Auch die Inselbewohner sind von den Plänen der Regierung – es kursieren Gerüchte über ein neu zu errichtendes Zeltlager auf Lampedusa – nicht überzeugt, es gab Proteste und Kundgebungen. Wir haben vor Ort Stimmen gesammelt – von besorgten Inselbewohnern bis hin zu den Menschen, für die Lampedusa das Ziel einer langen und gefährlichen Reise war.
„Es geht darum, sicherzustellen, dass die Menschen, die hier ankommen, so bald wie möglich ihre Weiterreise in Richtung Festland antreten können“
Francesca Basile, Verantwortliche für das Einsatzfeld Migration beim Italienischen Roten Kreuz (40)
Die letzten zwei Wochen waren für uns sehr anstrengend. Es ging nicht nur darum, 7.000 Menschen mit Mahlzeiten zu versorgen, sondern auch darum, ihnen die Regeln im Hotspot zu erklären, den Tagesablauf, die Zuweisung von Schlafstellen, wie lange sie bleiben müssen, wer wann weiterreisen darf.
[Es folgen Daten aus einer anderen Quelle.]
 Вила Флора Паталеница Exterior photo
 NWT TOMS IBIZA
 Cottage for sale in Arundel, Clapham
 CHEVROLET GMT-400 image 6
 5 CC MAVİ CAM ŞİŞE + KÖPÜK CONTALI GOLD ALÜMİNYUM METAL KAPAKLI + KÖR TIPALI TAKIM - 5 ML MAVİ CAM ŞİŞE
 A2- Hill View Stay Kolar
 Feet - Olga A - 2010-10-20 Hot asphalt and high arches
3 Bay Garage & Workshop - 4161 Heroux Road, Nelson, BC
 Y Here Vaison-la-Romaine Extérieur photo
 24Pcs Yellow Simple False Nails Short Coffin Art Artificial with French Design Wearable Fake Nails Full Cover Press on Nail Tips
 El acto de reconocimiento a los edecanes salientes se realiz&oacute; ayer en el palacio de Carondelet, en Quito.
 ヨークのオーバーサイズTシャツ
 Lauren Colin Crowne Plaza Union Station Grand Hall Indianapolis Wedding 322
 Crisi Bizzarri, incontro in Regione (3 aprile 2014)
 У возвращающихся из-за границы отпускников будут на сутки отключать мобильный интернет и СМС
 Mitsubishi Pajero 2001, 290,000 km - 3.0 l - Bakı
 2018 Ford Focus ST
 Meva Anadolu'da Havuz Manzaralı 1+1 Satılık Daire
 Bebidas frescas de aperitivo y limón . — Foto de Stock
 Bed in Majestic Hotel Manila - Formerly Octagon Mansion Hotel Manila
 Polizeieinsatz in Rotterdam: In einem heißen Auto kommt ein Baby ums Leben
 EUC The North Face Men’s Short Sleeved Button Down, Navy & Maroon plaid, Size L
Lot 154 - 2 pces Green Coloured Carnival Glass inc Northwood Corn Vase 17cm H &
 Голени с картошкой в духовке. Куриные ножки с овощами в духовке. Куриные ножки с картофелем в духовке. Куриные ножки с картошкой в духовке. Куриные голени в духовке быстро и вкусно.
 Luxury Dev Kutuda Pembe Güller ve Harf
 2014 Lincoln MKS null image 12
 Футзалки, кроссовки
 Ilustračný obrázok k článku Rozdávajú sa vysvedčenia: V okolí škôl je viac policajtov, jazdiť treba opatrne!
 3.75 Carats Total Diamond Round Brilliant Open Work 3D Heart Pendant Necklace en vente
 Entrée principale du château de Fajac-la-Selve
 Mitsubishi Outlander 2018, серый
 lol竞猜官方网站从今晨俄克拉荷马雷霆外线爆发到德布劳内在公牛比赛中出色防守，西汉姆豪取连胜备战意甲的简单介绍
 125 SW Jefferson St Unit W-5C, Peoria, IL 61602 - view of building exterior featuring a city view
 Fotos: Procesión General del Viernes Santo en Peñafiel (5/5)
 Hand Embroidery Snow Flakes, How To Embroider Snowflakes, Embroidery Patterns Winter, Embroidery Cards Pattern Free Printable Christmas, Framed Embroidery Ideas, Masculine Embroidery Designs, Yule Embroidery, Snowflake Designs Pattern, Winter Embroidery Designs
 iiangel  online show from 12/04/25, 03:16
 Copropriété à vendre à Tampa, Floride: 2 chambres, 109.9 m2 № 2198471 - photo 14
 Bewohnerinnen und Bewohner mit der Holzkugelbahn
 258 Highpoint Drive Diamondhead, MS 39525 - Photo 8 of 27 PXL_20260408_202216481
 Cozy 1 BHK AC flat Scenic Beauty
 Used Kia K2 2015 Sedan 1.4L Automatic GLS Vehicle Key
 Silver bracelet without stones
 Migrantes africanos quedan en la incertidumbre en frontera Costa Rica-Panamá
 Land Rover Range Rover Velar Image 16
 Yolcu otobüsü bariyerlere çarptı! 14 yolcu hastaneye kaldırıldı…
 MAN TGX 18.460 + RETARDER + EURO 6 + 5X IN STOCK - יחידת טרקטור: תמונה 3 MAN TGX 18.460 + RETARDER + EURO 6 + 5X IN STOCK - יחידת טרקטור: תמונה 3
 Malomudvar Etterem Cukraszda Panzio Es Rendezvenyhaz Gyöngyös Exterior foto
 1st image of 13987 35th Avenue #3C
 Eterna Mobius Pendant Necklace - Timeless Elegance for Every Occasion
Es gab zu jedem Zeitpunkt genug zu essen und zu trinken, aber die Tatsache, dass die Ankünfte so sprunghaft angestiegen waren und die Transfers nach Sizilien nur schleppend vorangingen, hat es uns erschwert, die Menschen so zu versorgen, wie es unser Anspruch ist. Die Wartezeiten waren lang, das Lager war überfüllt. Viele haben es deshalb vorgezogen, ins Dorf zu gehen, um sich selbst zu versorgen. Inzwischen ist die Situation entspannter, die Neuankünfte und Transfers nach Sizilien halten sich wieder die Waage. Doch wie verhindern wir solche Situationen in der Zukunft? Eine Vergrößerung des Hotspots kann meiner Meinung nach angesichts der beschränkten Kapazitäten auf der Insel keine Lösung sein. Ich denke, es geht darum, sicherzustellen, dass die Menschen, die hier ankommen, so bald wie möglich ihre Weiterreise in Richtung Festland antreten können.
„Menschen wie ich, die in Libyen keine Familie haben, sind dort nicht sicher. Viele werden gekidnappt“
Abd Rahman*, Bauarbeiter aus Ghana (20)
Ich habe Ghana mit 15 Jahren verlassen. Mein Vater ist früh gestorben, meine Mutter musste uns allein versorgen. Sie, meine zwei Brüder und ich haben große Not gelitten. In Ghana gab es nur wenig Arbeit, wenig Perspektiven, deshalb bin ich als Jugendlicher nach Libyen ausgewandert. Obwohl sich das Land im Bürgerkrieg befindet, gibt es dort viele Jobs. Vier Jahre habe ich in Libyen auf dem Bau gearbeitet. Ich wäre auch länger geblieben, aber ich hatte Angst. Menschen wie ich, die in Libyen keine Familie haben, sind dort nicht sicher. Viele werden gekidnappt, um von den Familien im Herkunftsland Lösegeld zu fordern. Deshalb beschloss ich, Geld zu sparen und die Überfahrt nach Europa zu wagen. Ich bin gerade sehr glücklich, dass ich die Reise geschafft habe. Zuerst mussten wir nach Tunesien, von dort kamen wir mit einem kleinen Metallboot nach Lampedusa. Vier Tage war ich im Camp auf Lampedusa, jetzt geht es weiter nach Sizilien. Es waren sehr viele Menschen da, aus den verschiedensten Ländern. Ich habe gehört, dass es nicht alle gut finden, dass so viele Migranten nach Europa kommen. Aber ich mag Italien, die Menschen, die uns im Camp betreut haben, waren freundlich zu mir. Mein Wunsch ist es, hier bald eine Arbeit zu finden. Ob als Bauarbeiter oder Handwerker, das ist mir egal. Die Hauptsache ist, gesund zu sein und eine Arbeit zu haben.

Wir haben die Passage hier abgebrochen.